■ **Provided records**:
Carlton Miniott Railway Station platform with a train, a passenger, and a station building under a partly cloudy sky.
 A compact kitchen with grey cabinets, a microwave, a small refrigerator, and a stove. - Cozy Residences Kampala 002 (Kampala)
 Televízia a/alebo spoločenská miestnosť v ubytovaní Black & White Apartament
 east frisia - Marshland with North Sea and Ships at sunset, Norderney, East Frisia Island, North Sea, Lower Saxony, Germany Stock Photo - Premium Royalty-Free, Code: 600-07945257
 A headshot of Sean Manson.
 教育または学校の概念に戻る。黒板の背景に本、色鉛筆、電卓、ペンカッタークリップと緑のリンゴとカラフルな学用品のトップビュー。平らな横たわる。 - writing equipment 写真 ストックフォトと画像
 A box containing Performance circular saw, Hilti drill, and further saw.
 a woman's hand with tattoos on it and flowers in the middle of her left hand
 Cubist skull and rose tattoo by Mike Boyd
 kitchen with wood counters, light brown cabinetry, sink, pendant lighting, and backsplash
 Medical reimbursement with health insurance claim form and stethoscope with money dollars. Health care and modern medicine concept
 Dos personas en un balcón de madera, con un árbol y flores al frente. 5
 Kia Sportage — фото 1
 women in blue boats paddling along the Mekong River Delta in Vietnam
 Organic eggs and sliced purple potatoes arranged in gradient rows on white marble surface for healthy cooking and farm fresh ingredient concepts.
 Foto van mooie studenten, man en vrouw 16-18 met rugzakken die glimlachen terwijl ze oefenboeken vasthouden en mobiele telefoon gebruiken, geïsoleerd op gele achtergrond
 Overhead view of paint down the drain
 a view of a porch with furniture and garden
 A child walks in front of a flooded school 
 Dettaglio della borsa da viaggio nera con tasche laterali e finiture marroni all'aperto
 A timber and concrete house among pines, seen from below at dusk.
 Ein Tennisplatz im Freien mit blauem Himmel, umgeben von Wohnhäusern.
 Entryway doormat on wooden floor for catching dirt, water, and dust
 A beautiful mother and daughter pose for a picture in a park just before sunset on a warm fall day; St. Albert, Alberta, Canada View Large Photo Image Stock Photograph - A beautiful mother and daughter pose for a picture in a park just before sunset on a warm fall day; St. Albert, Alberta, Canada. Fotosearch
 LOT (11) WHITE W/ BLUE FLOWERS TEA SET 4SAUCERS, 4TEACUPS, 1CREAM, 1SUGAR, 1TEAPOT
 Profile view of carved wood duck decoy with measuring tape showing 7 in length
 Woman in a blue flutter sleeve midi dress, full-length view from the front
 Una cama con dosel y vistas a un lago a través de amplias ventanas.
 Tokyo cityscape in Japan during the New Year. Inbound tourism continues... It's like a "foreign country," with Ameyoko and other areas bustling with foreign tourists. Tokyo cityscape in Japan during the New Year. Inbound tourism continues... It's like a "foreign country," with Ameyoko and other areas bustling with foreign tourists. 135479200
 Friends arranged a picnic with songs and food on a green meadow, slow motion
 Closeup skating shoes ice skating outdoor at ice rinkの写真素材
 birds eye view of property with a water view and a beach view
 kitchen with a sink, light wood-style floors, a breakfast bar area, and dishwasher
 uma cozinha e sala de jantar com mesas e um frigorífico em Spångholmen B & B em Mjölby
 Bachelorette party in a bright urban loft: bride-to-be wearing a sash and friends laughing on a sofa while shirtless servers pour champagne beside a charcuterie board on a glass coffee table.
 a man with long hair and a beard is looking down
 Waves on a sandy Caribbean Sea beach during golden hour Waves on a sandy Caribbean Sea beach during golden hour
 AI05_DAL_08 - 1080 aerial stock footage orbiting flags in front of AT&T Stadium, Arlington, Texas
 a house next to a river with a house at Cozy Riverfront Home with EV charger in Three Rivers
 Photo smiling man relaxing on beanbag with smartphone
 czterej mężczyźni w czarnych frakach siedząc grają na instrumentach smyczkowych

■ **Activity**: Print the records above in full, exactly.

■ **Worked solution**:
Carlton Miniott Railway Station platform with a train, a passenger, and a station building under a partly cloudy sky.
 A compact kitchen with grey cabinets, a microwave, a small refrigerator, and a stove. - Cozy Residences Kampala 002 (Kampala)
 Televízia a/alebo spoločenská miestnosť v ubytovaní Black & White Apartament
 east frisia - Marshland with North Sea and Ships at sunset, Norderney, East Frisia Island, North Sea, Lower Saxony, Germany Stock Photo - Premium Royalty-Free, Code: 600-07945257
 A headshot of Sean Manson.
 教育または学校の概念に戻る。黒板の背景に本、色鉛筆、電卓、ペンカッタークリップと緑のリンゴとカラフルな学用品のトップビュー。平らな横たわる。 - writing equipment 写真 ストックフォトと画像
 A box containing Performance circular saw, Hilti drill, and further saw.
 a woman's hand with tattoos on it and flowers in the middle of her left hand
 Cubist skull and rose tattoo by Mike Boyd
 kitchen with wood counters, light brown cabinetry, sink, pendant lighting, and backsplash
 Medical reimbursement with health insurance claim form and stethoscope with money dollars. Health care and modern medicine concept
 Dos personas en un balcón de madera, con un árbol y flores al frente. 5
 Kia Sportage — фото 1
 women in blue boats paddling along the Mekong River Delta in Vietnam
 Organic eggs and sliced purple potatoes arranged in gradient rows on white marble surface for healthy cooking and farm fresh ingredient concepts.
 Foto van mooie studenten, man en vrouw 16-18 met rugzakken die glimlachen terwijl ze oefenboeken vasthouden en mobiele telefoon gebruiken, geïsoleerd op gele achtergrond
 Overhead view of paint down the drain
 a view of a porch with furniture and garden
 A child walks in front of a flooded school 
 Dettaglio della borsa da viaggio nera con tasche laterali e finiture marroni all'aperto
 A timber and concrete house among pines, seen from below at dusk.
 Ein Tennisplatz im Freien mit blauem Himmel, umgeben von Wohnhäusern.
 Entryway doormat on wooden floor for catching dirt, water, and dust
 A beautiful mother and daughter pose for a picture in a park just before sunset on a warm fall day; St. Albert, Alberta, Canada View Large Photo Image Stock Photograph - A beautiful mother and daughter pose for a picture in a park just before sunset on a warm fall day; St. Albert, Alberta, Canada. Fotosearch
 LOT (11) WHITE W/ BLUE FLOWERS TEA SET 4SAUCERS, 4TEACUPS, 1CREAM, 1SUGAR, 1TEAPOT
 Profile view of carved wood duck decoy with measuring tape showing 7 in length
 Woman in a blue flutter sleeve midi dress, full-length view from the front
 Una cama con dosel y vistas a un lago a través de amplias ventanas.
 Tokyo cityscape in Japan during the New Year. Inbound tourism continues... It's like a "foreign country," with Ameyoko and other areas bustling with foreign tourists. Tokyo cityscape in Japan during the New Year. Inbound tourism continues... It's like a "foreign country," with Ameyoko and other areas bustling with foreign tourists. 135479200
 Friends arranged a picnic with songs and food on a green meadow, slow motion
 Closeup skating shoes ice skating outdoor at ice rinkの写真素材
 birds eye view of property with a water view and a beach view
 kitchen with a sink, light wood-style floors, a breakfast bar area, and dishwasher
 uma cozinha e sala de jantar com mesas e um frigorífico em Spångholmen B & B em Mjölby
 Bachelorette party in a bright urban loft: bride-to-be wearing a sash and friends laughing on a sofa while shirtless servers pour champagne beside a charcuterie board on a glass coffee table.
 a man with long hair and a beard is looking down
 Waves on a sandy Caribbean Sea beach during golden hour Waves on a sandy Caribbean Sea beach during golden hour
 AI05_DAL_08 - 1080 aerial stock footage orbiting flags in front of AT&T Stadium, Arlington, Texas
 a house next to a river with a house at Cozy Riverfront Home with EV charger in Three Rivers
 Photo smiling man relaxing on beanbag with smartphone
 czterej mężczyźni w czarnych frakach siedząc grają na instrumentach smyczkowych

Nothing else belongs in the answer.